Ancienne avocate à la cour d'Alger, l'écrivaine Wassyla Tamzali est une féministe algérienne jusqu'au bout des ongles. Elle a été directrice des droits des femmes, ainsi que du programme pour la promotion de la condition des femmes de la Méditerranée, à l’UNESCO. En 2005, elle intégra le comité d’organisation du 10éme Congrès Mondial des Études féministes. Mais ce n'est pas encore assez pour elle. Elle participe à de nombreux colloques comme celui sur "Le genre", à l’université Mouloud Mammeri de Tizi Ouzou (Algérie) en 2010. Le 8 mars 2012, elle fut à l’initiative, avec 7 autres femmes arabes, de L'appel des femmes arabes pour la dignité et l'égalité.
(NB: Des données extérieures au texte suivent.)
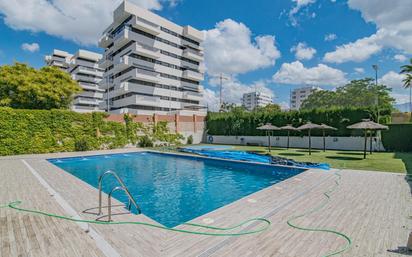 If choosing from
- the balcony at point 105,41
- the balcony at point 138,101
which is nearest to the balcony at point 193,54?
the balcony at point 138,101

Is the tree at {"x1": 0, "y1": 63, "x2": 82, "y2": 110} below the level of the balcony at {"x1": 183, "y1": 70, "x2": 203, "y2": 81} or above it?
below

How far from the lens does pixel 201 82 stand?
4875 cm

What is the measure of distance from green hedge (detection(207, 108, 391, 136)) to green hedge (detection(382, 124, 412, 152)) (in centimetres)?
118

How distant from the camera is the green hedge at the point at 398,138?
15328 millimetres

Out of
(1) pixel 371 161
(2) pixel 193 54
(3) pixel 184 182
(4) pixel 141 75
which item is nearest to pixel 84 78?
(4) pixel 141 75

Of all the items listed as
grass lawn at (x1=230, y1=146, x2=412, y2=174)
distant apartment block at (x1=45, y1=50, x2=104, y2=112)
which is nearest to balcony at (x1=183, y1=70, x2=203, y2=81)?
distant apartment block at (x1=45, y1=50, x2=104, y2=112)

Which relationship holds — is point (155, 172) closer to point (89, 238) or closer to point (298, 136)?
point (89, 238)

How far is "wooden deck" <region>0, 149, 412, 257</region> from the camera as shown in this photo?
3.13 m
En y ajoutant ses multiples ouvrages, on peut dire qu'elle est hyper motivée. Mais qu'est ce qui la met si en colère ?
Il est vrai que le "féminisme islamique" l'énerve. Elle le dénonce depuis des années car il vise à délégitimer le combat féministe pour limiter l’égalité des sexes et toujours laisser la supériorité aux hommes. Comme elle le dit si bien, ou bien les hommes et les femmes sont égaux ou bien ils ne le sont pas. On ne peut pas l'être qu'un peu. Elle est comme ça Wassila, entière. Mais sur le fond, elle a raison.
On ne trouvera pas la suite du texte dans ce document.